Before submitting the proposal, his office organized three teams of 10 students to spend seven weeks speaking to Sayyida Zainab's residents, conducting hundreds of interviews. Suggestions for the park poured in. A library and child care center. Trees, others said. Some wanted to turn a nearby street, Abul-Dahab, into a pedestrian area lined with stores for local craftsmen. The ideas were included in the proposal, and a year later, in June 1983, Abdelhalim's team won the modest $570,000 contract to build the park on the 2 1/2 -acre plot.

From the beginning, Abdelhalim envisioned it as an intellectual and community project.

The design would evoke the spiral minaret of the Ibn Tulun mosque, visible from the park, and reinterpret it in walkways, blue-tiled fountains and stone buildings. Brick paths, arrayed geometrically, would wind across a stream and through trees in an attempt to bring together nature's elements, a motif repeated in Islamic architecture from Spain to Central Asia. Domes, arches and the wood latticework known as mashrabiya would adorn buildings constructed in what he envisaged as "Islamic modernism."

"It's just a matter of helping to rediscover and open up the communication between where we are today and where we were," Abdelhalim said. "That's the significance of historic buildings to me."

At the groundbreaking ceremony in October 1983, he planned something other than the usually stodgy affairs of officialdom and a shovel. About 5,000 residents were invited, along with hundreds of children. To make the design recognizable to the community, his office hired farrashin , local tentmakers, to take the brightly colored canvases used for weddings and feasts and drape them into shapes around the park to imitate the contours the structures would take. The largest tents marked the museum, fountain and theater; others represented the park's walls.

So elaborate was the result that the visiting Suzanne Mubarak, the president's wife, thought the tents were the park itself.

"The idea was that we wanted to break the gap between the designer and the community," Abdelhalim said, "a gap that was usually used to mystify professional work and to create a sort of barrier between the local people and officials."

He gazed ahead, recalling the moment. "I still feel it was a remarkable kind of experience."
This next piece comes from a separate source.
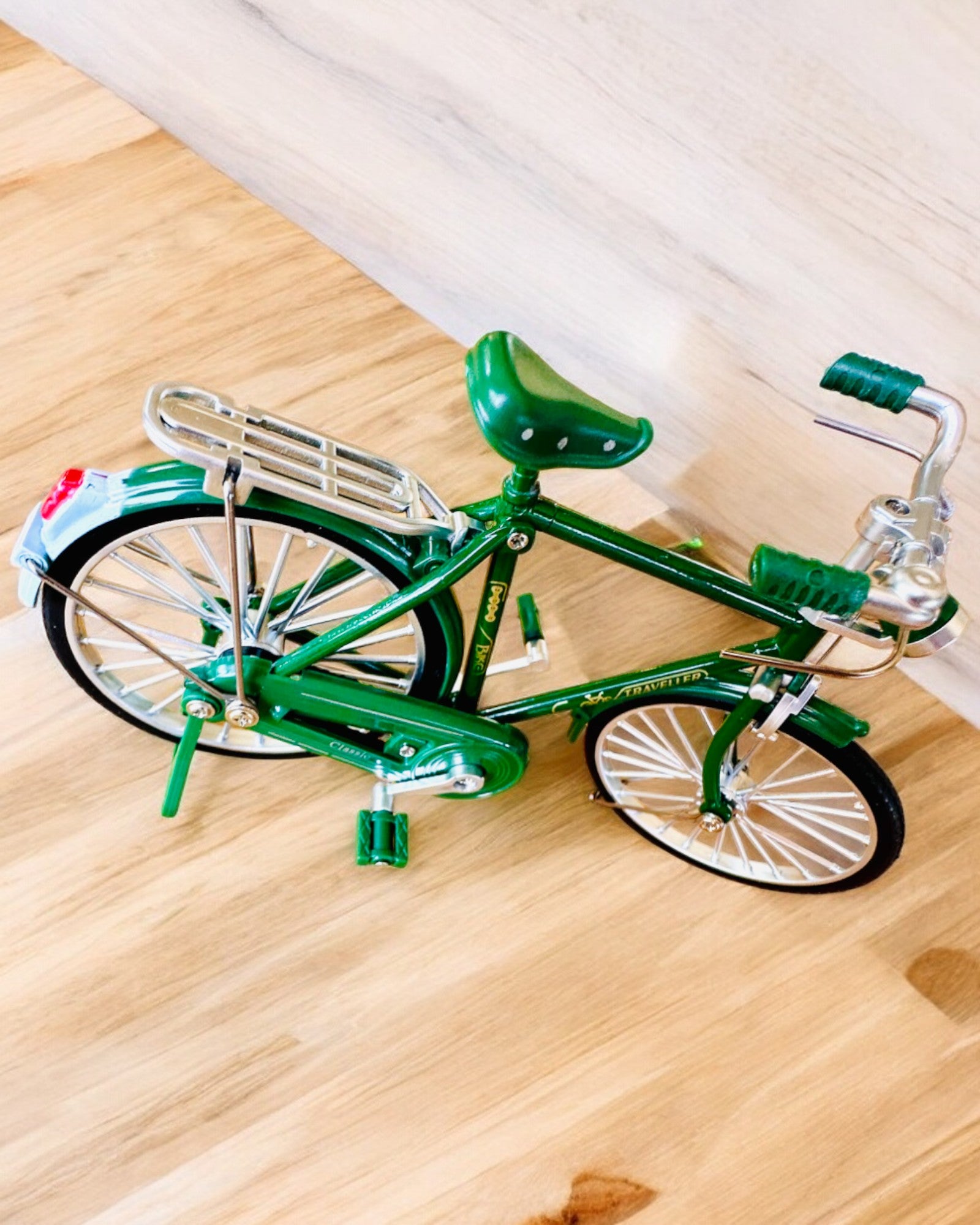 Modell av sykkel "Retro Classic" - Miniatyr med gravering, ideell som gave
For the construction, his team recruited stone masons and carvers, trained in traditional methods, from Sayyida Zainab and another poor, nearby neighborhood, Darb al-Ahmar. In an age of construction firms, their techniques had become obsolete and they were jobless. To help them work, Abdelhalim's team substituted engineering schematics with easy-to-follow models of plywood and cardboard. They relied on local limestone for arches and domes that portrayed a medieval Cairo, long hidden beneath generations of grime.

"They were regaining their knowledge," Abdelhalim said of the stone workers. "In a way, it was real empowerment, not just a phony jargon of empowerment."
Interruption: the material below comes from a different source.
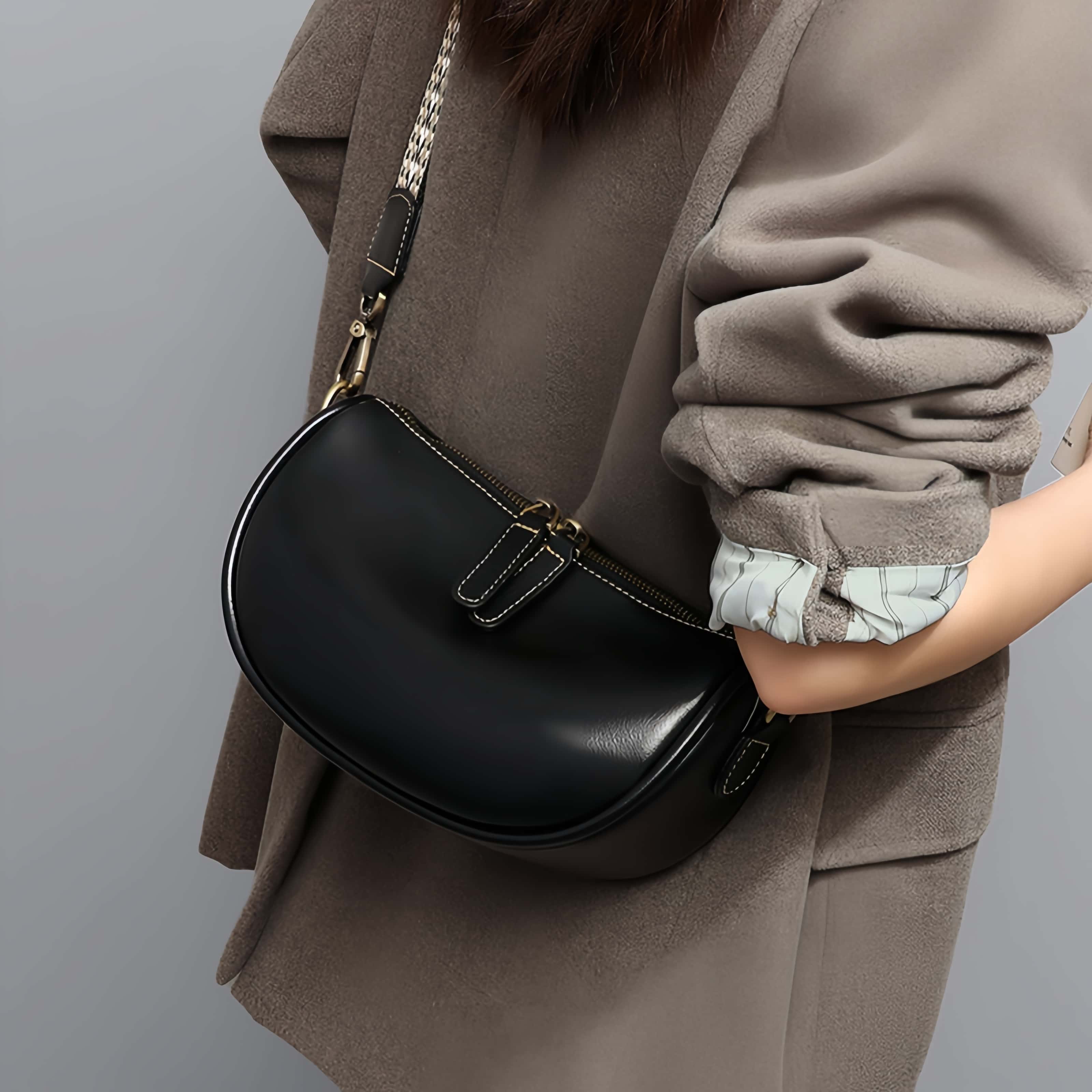 サコッシュ|厳選牛革製ショルダーバッグ|斜め掛けバッグ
To integrate the park with the community, his team then built an arcade of 20 shops that would open both to Abul-Dahab Street and the park itself. There was a cafe, a street fountain, a library, a prayer room, a plaza, and shops for books and artisans. The plan called for children's workshops in pottery, carpentry and textiles, as well as a choral group. To manage the activities, his team helped found the first non-governmental organization of its kind in Cairo, the Abul-Dahab Street Association.